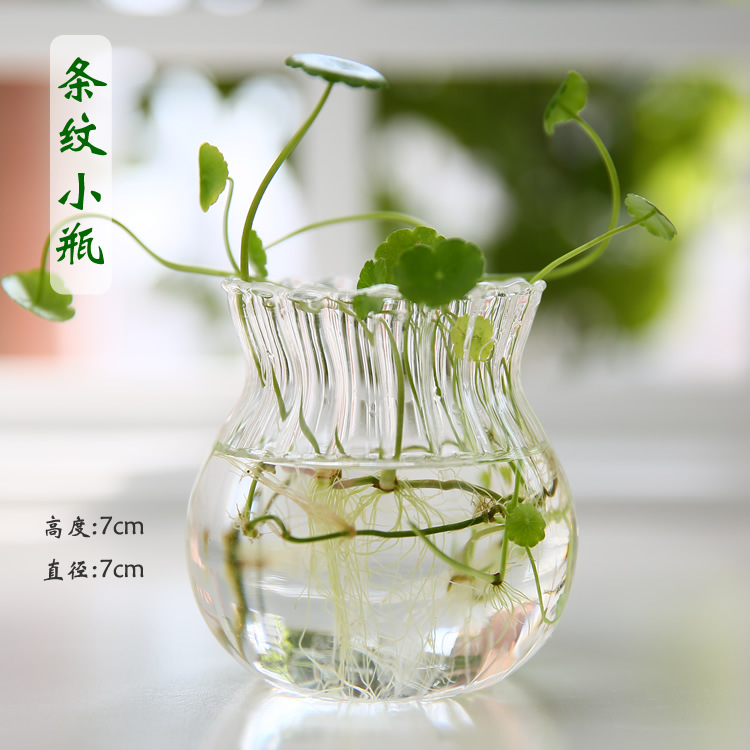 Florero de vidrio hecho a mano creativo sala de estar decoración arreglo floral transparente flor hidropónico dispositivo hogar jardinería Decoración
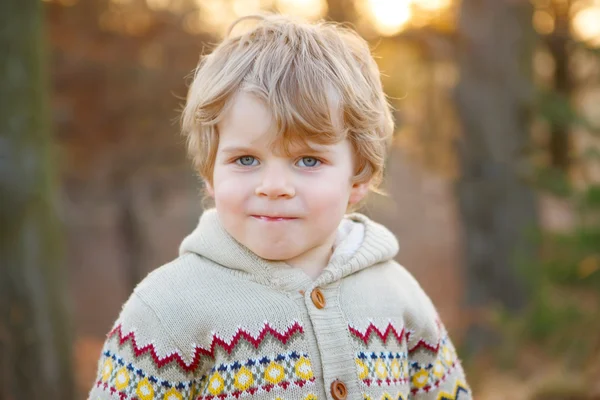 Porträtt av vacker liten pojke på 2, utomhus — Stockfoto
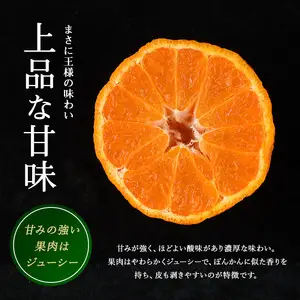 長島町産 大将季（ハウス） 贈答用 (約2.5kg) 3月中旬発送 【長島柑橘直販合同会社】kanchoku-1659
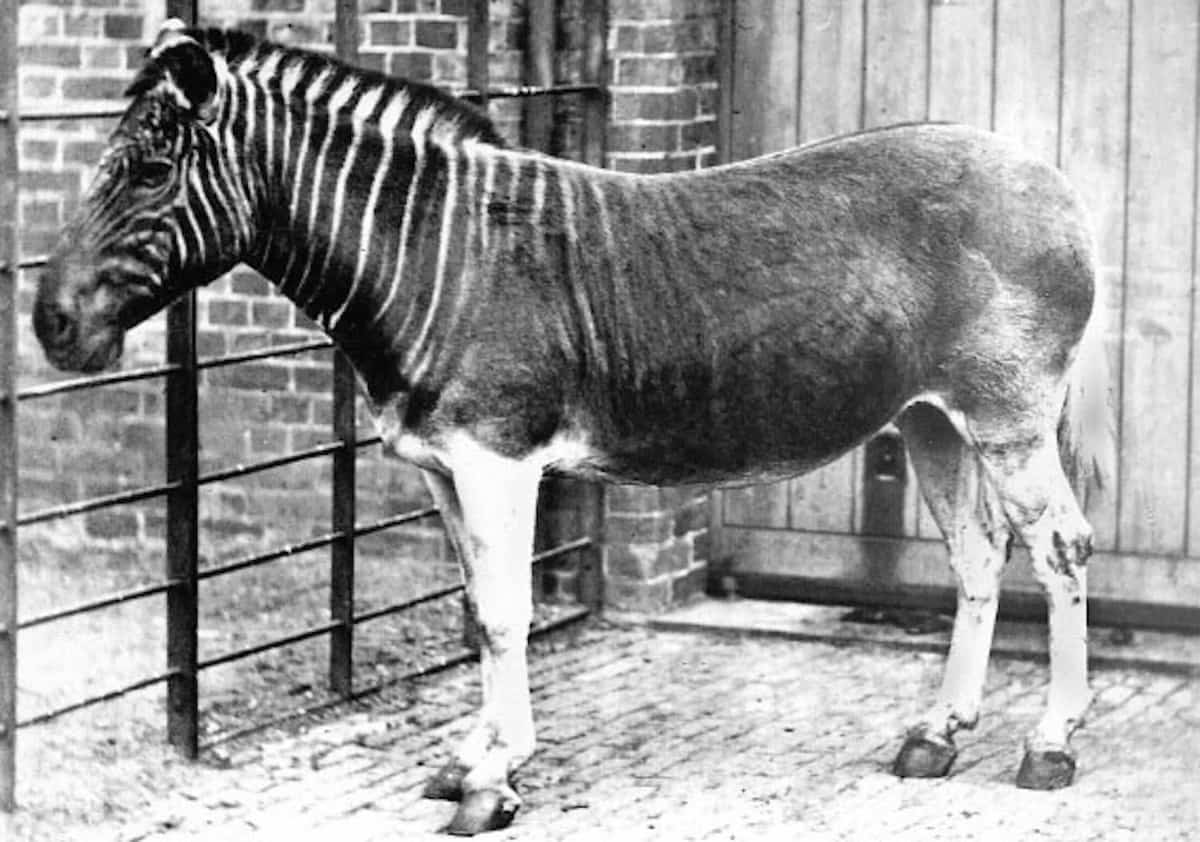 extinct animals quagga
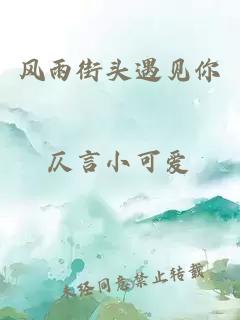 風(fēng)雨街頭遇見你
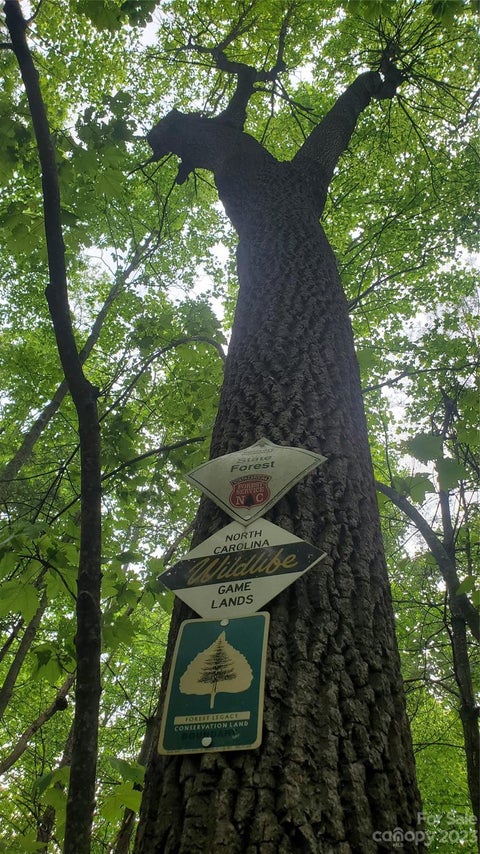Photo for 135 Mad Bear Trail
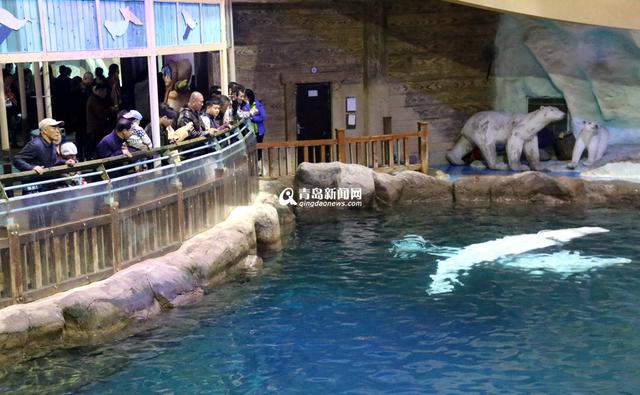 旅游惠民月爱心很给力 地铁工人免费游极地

════════

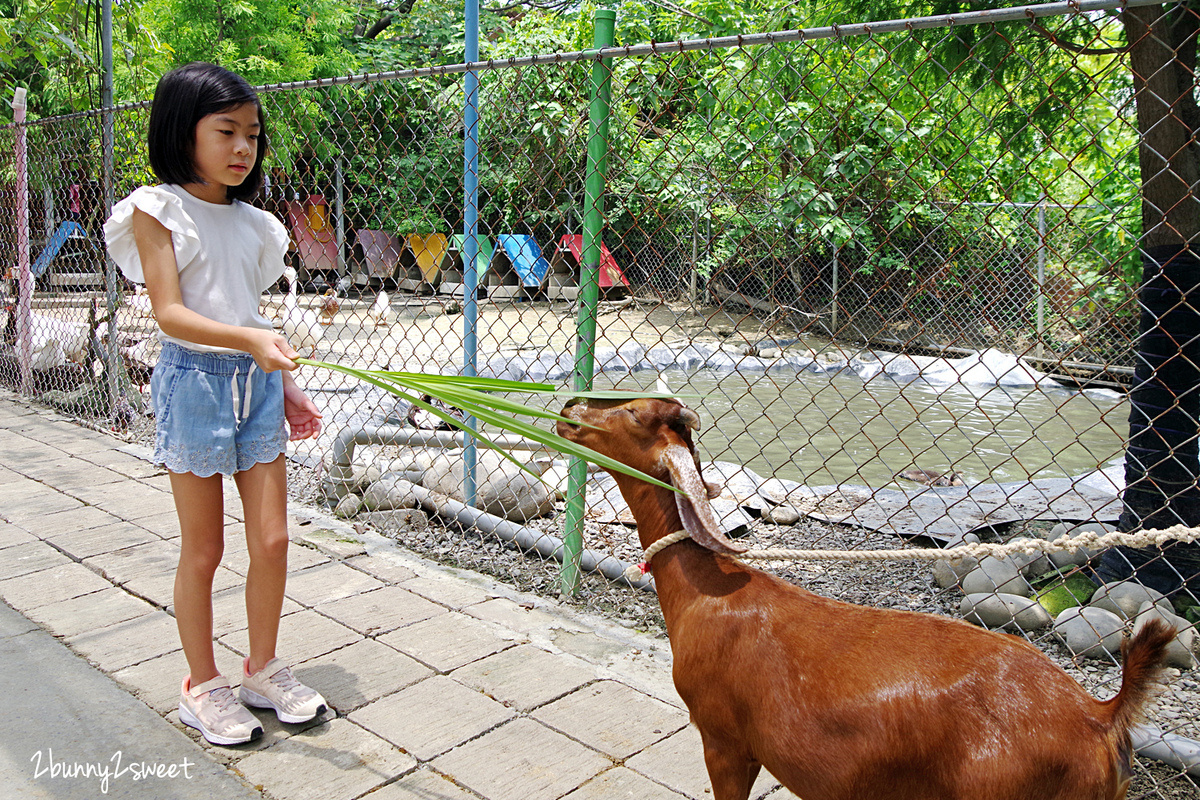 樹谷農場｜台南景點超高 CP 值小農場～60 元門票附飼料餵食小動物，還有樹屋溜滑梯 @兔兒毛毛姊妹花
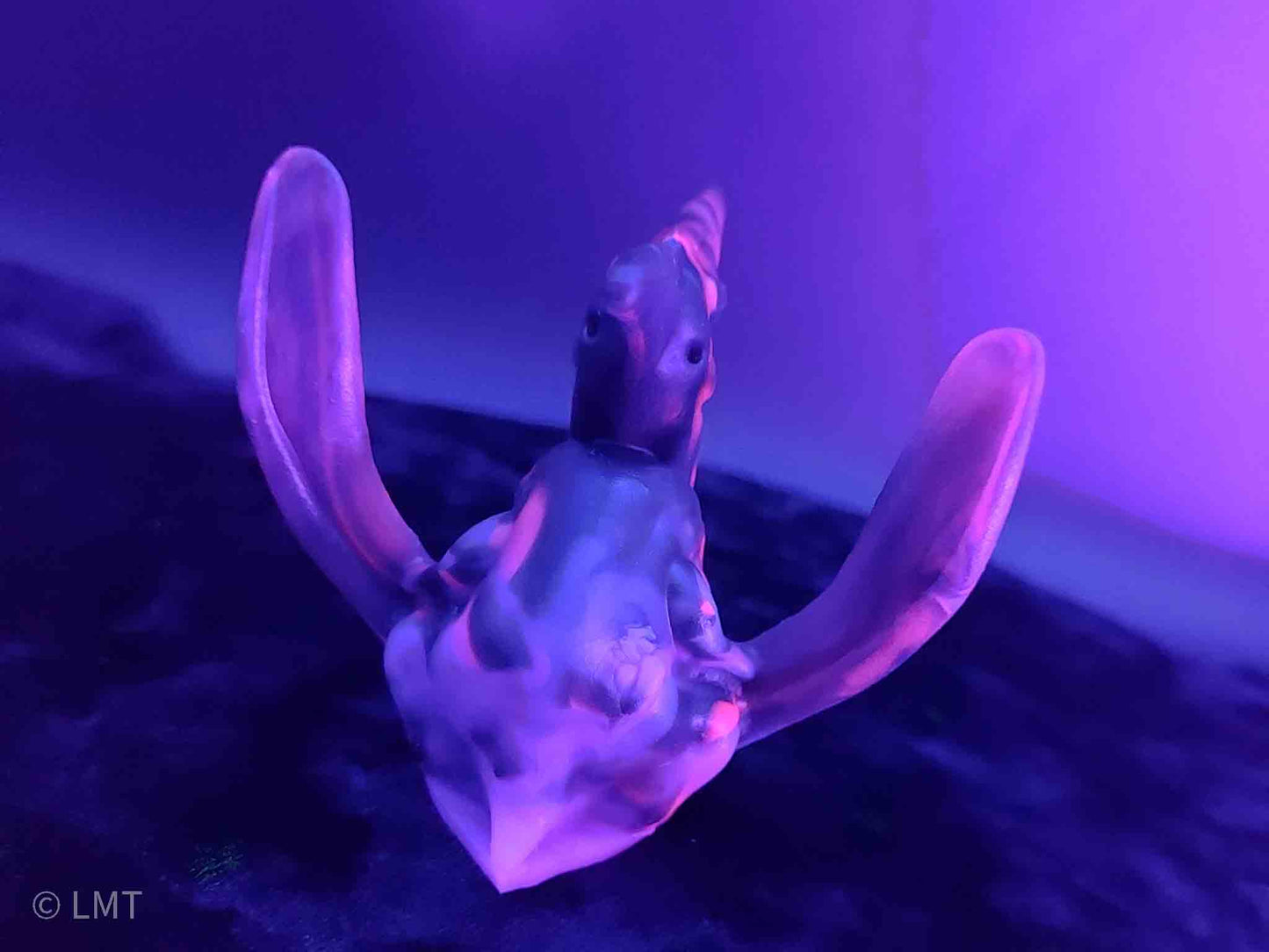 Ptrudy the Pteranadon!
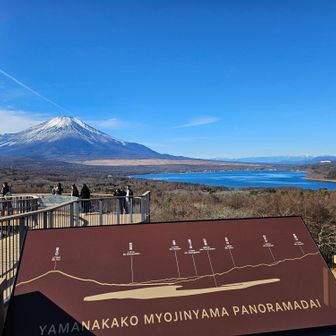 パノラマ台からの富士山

════════

Prompt =
Above are records; repeat only the lines from the line with "樹谷農場｜台南景點超高 CP 值小農場～60" through the line with "パノラマ台からの富士山", and leave pictures out.

Result of the exercise =
 樹谷農場｜台南景點超高 CP 值小農場～60 元門票附飼料餵食小動物，還有樹屋溜滑梯 @兔兒毛毛姊妹花
 Ptrudy the Pteranadon!
 パノラマ台からの富士山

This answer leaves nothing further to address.